GroupDAG—How to Make Friends and Help People Make Friends

Last updated: April 16, 2021

Or: Decentralized Social Technology for Scalable Community Building with Self-Replicating Small-Group Cohort-Based Meetups

An often-cited problem in community building is how to make it scalable without losing closeness and trust.

It’s the famous Eternal September problem where a once-cozy atmosphere where everybody knew each other suddenly devolves into a crowd of strangers.

How do you keep things civil and friendly and help people get to know each other without becoming yourself a bottleneck?

The answer, as to many things, is recursion.

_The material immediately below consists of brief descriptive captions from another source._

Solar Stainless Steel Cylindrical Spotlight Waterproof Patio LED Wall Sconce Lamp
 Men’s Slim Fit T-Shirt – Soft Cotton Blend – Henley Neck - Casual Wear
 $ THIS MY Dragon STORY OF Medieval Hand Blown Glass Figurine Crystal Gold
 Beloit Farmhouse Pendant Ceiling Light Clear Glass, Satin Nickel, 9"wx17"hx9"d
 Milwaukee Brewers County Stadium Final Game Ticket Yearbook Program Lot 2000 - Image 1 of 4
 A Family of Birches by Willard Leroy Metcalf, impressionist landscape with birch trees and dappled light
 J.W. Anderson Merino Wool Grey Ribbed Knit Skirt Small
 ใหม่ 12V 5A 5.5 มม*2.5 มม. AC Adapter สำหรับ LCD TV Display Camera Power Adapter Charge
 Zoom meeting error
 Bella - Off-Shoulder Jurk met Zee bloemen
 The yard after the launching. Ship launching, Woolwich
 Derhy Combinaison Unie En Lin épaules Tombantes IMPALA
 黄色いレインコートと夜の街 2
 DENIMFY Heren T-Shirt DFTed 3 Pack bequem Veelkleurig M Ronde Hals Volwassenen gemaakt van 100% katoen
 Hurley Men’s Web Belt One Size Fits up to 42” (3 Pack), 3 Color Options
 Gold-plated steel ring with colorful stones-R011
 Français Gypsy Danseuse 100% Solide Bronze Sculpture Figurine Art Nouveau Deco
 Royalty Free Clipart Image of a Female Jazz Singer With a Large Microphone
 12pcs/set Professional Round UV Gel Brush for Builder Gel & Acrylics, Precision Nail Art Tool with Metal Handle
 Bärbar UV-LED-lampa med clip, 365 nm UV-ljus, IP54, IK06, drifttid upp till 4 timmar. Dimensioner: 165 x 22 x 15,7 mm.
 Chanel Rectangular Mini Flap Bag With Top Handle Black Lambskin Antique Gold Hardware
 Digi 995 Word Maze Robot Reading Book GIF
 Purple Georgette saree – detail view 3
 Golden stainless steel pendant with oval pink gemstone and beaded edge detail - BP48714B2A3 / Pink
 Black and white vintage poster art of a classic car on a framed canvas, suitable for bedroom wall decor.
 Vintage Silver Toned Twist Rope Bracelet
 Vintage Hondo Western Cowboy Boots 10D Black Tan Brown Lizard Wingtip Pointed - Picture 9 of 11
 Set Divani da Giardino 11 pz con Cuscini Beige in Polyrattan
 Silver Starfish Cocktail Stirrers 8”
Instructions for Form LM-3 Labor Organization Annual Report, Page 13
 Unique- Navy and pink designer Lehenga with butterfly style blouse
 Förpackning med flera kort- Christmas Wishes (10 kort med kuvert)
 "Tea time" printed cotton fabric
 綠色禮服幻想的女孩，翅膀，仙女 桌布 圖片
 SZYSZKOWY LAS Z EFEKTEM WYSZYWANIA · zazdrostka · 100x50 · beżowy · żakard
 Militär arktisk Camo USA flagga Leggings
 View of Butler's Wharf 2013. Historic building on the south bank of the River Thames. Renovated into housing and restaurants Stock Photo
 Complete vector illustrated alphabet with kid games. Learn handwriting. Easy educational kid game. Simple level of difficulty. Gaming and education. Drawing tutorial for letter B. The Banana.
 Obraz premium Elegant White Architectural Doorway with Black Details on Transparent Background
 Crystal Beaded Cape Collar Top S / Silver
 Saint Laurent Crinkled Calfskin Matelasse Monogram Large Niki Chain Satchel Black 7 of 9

Here is how a #groupdag works:

  • You invite a group of people you know (3–6 including you) to meet weekly for e.g. 8–12 weeks to share updates, learnings, difficulties, goals, achievements (like a mastermind group), and to socialize around a common interest.
  • People take turns hosting the session so everyone gets experience in making sure everyone gets heard and the conversation flows.
  • Each person commits to inviting other people to join the group by talking to people they know who share the group’s interest or by reaching out to those who might.
  • At the end of the cycle, the group “forks” into two, and the process repeats itself.
  • People in different groups with a common parent group stay in touch by sharing a wider space in a chat or forum and possibly by having a bigger monthly meetup with sibling groups.
  • When the monthly meetup gets too big it can also fork, and so forth up the tree into yearly conferences, etc.
  • Groups who don’t grow enough to fork (people change interests, life situations, etc.) can “merge” with others on the next cycle (hence DAG).